С наступлением ночи десятки муэдзинов начали распевать азаны через всякие динамики во всех районах города. Часы у них шли, вероятно, по-разному, и азаны слышались в течение добрых двадцати минут. Сперва затянул один, потом начал другой, потом сразу несколько, потом уже целый хор (вразнобой) из разных районов города доносился, и под конец пропел один, потом другой опоздавшие муэдзины. Удивительно, но все азаны были слышны, хотя нас разделяло несколько километров!
После вечерней молитвы жизнь в городе замерла, начался комендантский час.
Я погрузился в мир сна.
Встал я, как обычно, перед рассветом. Попрощался с хозяином и отправился вниз, мимо домиков-скворечников, через кладбище, мимо мечети, в которую заходил вчера, — и тут меня окликнул какой-то дед в белом халате с короткой седой бородкой. Дед проявил ко мне живой интерес и звал меня следовать за ним обратно, в верхнюю часть города.
— Куда идти — далеко? — поинтересовался я, втайне надеясь, что дед хочет угостить меня завтраком (в месте ночлега завтрака не было).
— Близко, сюда, иди-иди, чай-чай, — дед поманил меня за собой. Почему-то мы прошли сперва метров сто вверх, потом свернули и метров пятьдесят параллельно большой улице, потом опять пошли вниз и вернулись на шоссе, куда я, собственно, и направлялся. Вероятно, дед был местный Иван Сусанин.
— Ну и куда же мы пришли? Сам не знаешь, куда ведёшь, — обиделся я и направил свои стопы к почтамту. Но дед неожиданно преобразился. Он стал тянуть меня за руки и за рюкзак, кричать что-то, звать куда-то. Несмотря на утро, собралась толпа любопытных. Переводчиков среди них не было.
— Аль-Каида! Аль-Каида! — послышалось в выкриках деда; он указывал на меня.
Откуда ни возьмись — человек в зелёной пятнистой форме, мент или солдат.
Я даже обрадовался: подумал, наведёт порядок и избавит меня от деда. Показал паспорт, визу показал. Попросил документы у деда, у того их, разумеется, не было.
— Я: паспорт есть, виза есть. Ты: паспорт нет, визы нет. Аль-Каида — ты! — раскрыл я сущность деда к явному удовольствию собравшихся.
В подтверждение своих слов я объяснил, как дед водил меня за собой вверх-вниз по городу; значит сам не знает, куда идти, значит он и есть Аль-Каида. Но солдат арестовать деда не спешил.
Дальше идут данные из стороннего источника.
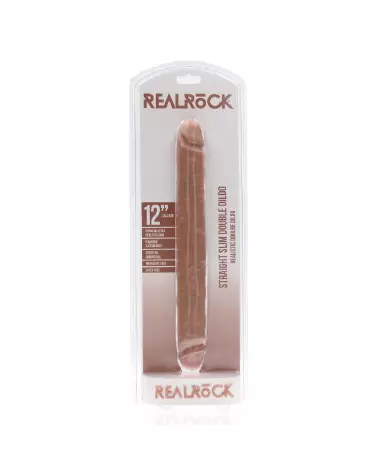 Image du Double Dong Slim 12 pouces Tan de RealRock, jouet double usage pour plaisir solo ou partagé-2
При попытке уйти сквозь толпу тусовка разрослась, и я увяз в людях. Дед призывал отвести меня в ментовку.
— Ты, дед, сам не знаешь, куда идти. Хочешь в полицию? Пешком с тобой не пойду. Давай такси, поедем — за твой счёт.
Толпа застопила микроавтобус, в него погрузились дед, я с рюкзаком и та часть толпы, которая поместилась. Куда-то поехали, очевидно в районнное отделение милиции. Дед был доволен.
Двухэтажное здание милиции с небольшим внутренним двориком содержало человек семь полицейских (формы они не имели, но автоматы у них были) и пожилого человека, исполнявшего функции дворника и повара. Зрителей прогнали; дед изложил своё мнение обо мне, а я — своё о деде. Деда отпустили, меня оставили. На прощание довольный дед пытался попрощаться со мной за руку; я спрятал руки за спину и сказал, что стучать плохо. Сексот удалился. Водителю микроавтобуса так никто и не заплатил.
Следующие пять часов я провёл в ментовке. Приходили всё новые люди, они сказывались всё более высокими чинами, каждый знал несколько новых русских слов в дополнение к предыдущим. Угощали меня чаем, приглашали смотреть телевизор и стандартный афганский «видео-салат». Но не отпускали.
— Я отпускать тебя нет, — объяснял самый русскоговорящий милиционер с рацией, одноногий амбал высокого роста. — Я отпускать нет, отпускать большой командир (он для пущей убедительности показал на свои плечи, где могли быть погоны, и начертил пальцем на них не меньше десяти звёзд), — большой командир (он помахал рацией) телефон нет, приходит большой командир, тебя отпускать!